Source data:
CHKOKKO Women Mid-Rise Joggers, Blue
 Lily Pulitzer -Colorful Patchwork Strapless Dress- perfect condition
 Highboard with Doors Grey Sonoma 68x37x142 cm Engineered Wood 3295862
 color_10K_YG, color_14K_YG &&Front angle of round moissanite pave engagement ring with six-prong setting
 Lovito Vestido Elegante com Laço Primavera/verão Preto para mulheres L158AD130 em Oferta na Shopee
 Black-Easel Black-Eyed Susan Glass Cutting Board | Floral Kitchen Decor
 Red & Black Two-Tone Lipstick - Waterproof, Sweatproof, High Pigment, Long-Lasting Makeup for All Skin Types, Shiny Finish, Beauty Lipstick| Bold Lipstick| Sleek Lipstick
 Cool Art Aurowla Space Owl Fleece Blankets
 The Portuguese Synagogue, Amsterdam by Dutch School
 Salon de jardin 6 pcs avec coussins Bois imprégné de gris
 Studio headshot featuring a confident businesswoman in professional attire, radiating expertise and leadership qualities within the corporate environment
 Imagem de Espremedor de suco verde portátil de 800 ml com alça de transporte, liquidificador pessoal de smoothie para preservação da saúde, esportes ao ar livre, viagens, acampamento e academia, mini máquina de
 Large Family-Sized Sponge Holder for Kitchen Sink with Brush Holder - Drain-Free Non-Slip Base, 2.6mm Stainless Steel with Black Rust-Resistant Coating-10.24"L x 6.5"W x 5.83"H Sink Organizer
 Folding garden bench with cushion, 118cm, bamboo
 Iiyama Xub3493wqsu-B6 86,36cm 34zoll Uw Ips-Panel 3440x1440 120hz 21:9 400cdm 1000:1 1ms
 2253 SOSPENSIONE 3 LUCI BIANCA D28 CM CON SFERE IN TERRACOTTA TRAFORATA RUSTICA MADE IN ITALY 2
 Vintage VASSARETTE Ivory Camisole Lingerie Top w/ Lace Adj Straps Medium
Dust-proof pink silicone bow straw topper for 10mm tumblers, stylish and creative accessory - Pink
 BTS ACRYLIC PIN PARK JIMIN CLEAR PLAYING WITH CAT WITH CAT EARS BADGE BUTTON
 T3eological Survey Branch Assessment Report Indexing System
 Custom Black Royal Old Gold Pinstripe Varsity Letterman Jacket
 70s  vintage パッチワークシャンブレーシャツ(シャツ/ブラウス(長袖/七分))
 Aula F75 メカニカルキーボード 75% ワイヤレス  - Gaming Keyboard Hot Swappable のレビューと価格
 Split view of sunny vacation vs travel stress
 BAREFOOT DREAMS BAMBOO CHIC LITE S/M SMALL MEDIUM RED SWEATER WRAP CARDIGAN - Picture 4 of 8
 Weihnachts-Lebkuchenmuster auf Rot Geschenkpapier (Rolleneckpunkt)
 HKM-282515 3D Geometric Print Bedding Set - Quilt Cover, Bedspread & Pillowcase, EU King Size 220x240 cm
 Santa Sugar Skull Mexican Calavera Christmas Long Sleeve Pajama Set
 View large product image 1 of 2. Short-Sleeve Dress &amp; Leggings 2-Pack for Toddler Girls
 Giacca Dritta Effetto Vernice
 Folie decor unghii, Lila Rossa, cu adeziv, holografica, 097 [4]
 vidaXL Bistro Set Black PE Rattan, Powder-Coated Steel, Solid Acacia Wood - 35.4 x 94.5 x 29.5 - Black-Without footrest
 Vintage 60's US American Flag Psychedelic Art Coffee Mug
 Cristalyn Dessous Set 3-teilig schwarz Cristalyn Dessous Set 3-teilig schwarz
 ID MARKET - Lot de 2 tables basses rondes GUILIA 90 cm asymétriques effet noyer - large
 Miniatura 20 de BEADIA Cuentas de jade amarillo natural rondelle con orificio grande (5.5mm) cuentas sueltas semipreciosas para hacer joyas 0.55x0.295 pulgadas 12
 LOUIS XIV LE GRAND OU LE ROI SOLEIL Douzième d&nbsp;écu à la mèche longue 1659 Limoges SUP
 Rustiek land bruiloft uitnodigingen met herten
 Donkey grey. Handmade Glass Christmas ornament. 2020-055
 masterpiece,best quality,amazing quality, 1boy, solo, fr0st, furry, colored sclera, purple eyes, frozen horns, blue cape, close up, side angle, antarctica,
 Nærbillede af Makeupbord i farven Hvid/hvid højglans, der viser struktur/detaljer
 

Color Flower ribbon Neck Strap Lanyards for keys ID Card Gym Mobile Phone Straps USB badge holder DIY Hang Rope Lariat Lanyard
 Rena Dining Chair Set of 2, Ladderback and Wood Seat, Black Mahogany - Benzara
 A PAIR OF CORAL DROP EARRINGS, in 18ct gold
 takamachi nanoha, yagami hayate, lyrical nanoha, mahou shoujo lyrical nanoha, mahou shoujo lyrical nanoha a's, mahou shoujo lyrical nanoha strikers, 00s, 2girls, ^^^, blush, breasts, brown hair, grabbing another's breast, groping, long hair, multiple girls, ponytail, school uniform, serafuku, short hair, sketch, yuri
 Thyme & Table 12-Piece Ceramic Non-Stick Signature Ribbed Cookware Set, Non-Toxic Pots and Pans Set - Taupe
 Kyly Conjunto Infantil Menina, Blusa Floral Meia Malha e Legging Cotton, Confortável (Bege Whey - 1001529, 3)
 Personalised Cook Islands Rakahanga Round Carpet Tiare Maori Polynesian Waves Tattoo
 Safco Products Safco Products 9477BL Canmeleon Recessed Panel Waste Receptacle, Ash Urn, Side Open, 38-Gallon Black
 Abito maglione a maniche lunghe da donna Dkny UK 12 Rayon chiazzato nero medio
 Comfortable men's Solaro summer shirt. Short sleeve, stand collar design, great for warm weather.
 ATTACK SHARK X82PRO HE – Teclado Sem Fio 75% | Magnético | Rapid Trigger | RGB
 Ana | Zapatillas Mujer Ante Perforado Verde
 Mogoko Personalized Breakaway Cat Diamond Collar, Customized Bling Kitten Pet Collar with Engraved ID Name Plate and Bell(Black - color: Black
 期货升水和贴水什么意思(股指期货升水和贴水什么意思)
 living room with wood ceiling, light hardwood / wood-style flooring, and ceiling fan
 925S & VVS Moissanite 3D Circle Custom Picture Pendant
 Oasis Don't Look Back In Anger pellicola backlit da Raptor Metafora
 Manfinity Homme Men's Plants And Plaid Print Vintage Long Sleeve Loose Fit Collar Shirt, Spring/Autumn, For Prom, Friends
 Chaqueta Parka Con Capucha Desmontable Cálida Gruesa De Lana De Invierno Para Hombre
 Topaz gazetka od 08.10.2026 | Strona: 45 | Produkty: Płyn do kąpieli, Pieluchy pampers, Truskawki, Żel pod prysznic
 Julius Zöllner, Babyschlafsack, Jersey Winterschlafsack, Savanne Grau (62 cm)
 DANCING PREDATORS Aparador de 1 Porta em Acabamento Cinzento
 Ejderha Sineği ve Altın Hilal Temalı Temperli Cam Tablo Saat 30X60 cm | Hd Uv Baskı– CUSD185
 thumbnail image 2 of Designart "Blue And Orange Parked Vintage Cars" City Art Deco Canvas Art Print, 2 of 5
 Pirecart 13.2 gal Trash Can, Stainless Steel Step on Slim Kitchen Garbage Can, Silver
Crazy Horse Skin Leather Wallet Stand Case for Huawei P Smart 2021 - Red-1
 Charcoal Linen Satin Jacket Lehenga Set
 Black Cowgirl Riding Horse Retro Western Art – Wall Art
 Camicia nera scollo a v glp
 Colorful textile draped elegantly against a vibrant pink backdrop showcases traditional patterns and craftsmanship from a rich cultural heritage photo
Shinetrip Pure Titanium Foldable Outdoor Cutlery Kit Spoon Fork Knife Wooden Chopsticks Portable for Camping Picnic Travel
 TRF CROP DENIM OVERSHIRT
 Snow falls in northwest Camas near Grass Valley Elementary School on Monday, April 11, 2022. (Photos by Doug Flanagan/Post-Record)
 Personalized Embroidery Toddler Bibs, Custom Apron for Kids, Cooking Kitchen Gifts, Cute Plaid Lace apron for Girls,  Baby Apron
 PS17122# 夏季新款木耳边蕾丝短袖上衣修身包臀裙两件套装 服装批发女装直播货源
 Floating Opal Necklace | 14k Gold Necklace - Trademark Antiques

What the task asks: Among the lines above, repeat exactly those from the line with "Topaz gazetka od" to the line with "Ejderha Sineği ve", counting both ends.

Written answer:
 Topaz gazetka od 08.10.2026 | Strona: 45 | Produkty: Płyn do kąpieli, Pieluchy pampers, Truskawki, Żel pod prysznic
 Julius Zöllner, Babyschlafsack, Jersey Winterschlafsack, Savanne Grau (62 cm)
 DANCING PREDATORS Aparador de 1 Porta em Acabamento Cinzento
 Ejderha Sineği ve Altın Hilal Temalı Temperli Cam Tablo Saat 30X60 cm | Hd Uv Baskı– CUSD185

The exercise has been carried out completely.